__Activity__: Output, word for word, the lines of this listing that fall between the line with "Manual Retractable Awning" and the line with "John Lewis Bomber", counting both of those lines, and no others.

__Provided material__:
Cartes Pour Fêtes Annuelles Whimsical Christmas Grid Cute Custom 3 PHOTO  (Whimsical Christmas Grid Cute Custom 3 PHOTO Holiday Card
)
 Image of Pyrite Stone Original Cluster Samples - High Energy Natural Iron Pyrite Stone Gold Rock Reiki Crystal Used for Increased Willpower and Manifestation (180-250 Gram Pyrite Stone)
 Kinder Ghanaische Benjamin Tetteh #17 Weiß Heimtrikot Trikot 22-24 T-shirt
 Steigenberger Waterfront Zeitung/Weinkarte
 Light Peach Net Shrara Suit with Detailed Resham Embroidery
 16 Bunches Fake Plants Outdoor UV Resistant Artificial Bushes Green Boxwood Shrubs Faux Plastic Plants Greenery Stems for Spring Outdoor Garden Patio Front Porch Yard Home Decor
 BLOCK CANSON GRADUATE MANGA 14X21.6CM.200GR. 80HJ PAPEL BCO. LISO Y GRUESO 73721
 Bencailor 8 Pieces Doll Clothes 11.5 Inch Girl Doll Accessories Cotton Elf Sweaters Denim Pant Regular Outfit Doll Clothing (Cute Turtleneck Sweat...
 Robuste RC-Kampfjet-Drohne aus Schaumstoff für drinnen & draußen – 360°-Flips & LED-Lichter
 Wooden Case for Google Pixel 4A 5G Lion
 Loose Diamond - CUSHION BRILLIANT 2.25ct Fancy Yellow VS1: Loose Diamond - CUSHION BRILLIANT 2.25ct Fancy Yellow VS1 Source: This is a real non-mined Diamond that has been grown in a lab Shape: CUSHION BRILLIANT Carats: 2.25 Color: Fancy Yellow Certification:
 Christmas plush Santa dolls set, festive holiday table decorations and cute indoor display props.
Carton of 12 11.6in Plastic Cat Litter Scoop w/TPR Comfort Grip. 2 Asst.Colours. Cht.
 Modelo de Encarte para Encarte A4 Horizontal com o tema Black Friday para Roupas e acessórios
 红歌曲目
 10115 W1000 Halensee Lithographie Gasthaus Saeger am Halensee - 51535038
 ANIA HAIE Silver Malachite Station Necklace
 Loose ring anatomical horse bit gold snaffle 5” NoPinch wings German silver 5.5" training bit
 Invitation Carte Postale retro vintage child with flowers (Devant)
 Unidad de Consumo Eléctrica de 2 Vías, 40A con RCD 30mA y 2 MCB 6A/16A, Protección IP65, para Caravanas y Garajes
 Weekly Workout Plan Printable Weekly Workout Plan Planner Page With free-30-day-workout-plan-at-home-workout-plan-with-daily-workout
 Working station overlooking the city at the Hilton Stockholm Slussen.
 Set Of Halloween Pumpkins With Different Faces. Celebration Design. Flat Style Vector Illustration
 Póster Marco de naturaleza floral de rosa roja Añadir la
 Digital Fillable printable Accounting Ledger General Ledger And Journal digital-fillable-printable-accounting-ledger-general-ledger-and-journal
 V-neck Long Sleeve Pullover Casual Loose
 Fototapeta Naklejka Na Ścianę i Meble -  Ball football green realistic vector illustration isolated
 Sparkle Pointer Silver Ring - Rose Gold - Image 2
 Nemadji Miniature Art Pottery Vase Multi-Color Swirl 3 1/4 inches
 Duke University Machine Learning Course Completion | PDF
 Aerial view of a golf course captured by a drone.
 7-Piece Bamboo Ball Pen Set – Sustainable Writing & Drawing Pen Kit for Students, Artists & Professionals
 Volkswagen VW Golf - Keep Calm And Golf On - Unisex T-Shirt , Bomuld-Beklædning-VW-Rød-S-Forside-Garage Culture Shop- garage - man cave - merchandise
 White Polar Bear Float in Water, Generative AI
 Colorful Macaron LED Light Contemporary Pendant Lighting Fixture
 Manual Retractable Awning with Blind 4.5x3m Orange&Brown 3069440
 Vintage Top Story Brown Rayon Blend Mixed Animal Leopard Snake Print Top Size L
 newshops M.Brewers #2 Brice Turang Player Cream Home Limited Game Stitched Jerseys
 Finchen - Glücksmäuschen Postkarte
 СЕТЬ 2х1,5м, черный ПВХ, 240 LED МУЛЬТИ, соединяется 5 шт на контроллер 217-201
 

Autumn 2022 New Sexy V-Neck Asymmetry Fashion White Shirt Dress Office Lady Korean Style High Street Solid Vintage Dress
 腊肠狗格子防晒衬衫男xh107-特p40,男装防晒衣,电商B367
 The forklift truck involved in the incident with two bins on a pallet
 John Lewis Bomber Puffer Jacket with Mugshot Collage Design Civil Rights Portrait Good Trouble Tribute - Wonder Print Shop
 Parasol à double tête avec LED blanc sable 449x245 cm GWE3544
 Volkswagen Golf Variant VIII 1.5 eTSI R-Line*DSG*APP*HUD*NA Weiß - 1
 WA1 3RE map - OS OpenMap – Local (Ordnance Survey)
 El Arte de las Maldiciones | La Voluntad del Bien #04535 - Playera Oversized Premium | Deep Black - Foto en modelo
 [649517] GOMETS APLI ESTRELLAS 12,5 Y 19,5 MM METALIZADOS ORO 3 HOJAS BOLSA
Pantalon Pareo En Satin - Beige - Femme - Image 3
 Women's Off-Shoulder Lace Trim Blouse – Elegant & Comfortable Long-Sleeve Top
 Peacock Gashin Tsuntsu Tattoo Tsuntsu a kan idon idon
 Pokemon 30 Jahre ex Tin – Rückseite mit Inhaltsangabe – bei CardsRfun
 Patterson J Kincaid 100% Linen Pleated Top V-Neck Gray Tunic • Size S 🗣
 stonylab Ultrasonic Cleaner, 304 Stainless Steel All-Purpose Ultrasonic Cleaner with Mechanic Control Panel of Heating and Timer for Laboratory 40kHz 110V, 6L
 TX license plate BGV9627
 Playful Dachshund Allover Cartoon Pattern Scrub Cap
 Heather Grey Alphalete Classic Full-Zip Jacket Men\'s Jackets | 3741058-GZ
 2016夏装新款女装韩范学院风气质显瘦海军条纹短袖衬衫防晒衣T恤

__Answer to this problem__:
 Manual Retractable Awning with Blind 4.5x3m Orange&Brown 3069440
 Vintage Top Story Brown Rayon Blend Mixed Animal Leopard Snake Print Top Size L
 newshops M.Brewers #2 Brice Turang Player Cream Home Limited Game Stitched Jerseys
 Finchen - Glücksmäuschen Postkarte
 СЕТЬ 2х1,5м, черный ПВХ, 240 LED МУЛЬТИ, соединяется 5 шт на контроллер 217-201
 

Autumn 2022 New Sexy V-Neck Asymmetry Fashion White Shirt Dress Office Lady Korean Style High Street Solid Vintage Dress
 腊肠狗格子防晒衬衫男xh107-特p40,男装防晒衣,电商B367
 The forklift truck involved in the incident with two bins on a pallet
 John Lewis Bomber Puffer Jacket with Mugshot Collage Design Civil Rights Portrait Good Trouble Tribute - Wonder Print Shop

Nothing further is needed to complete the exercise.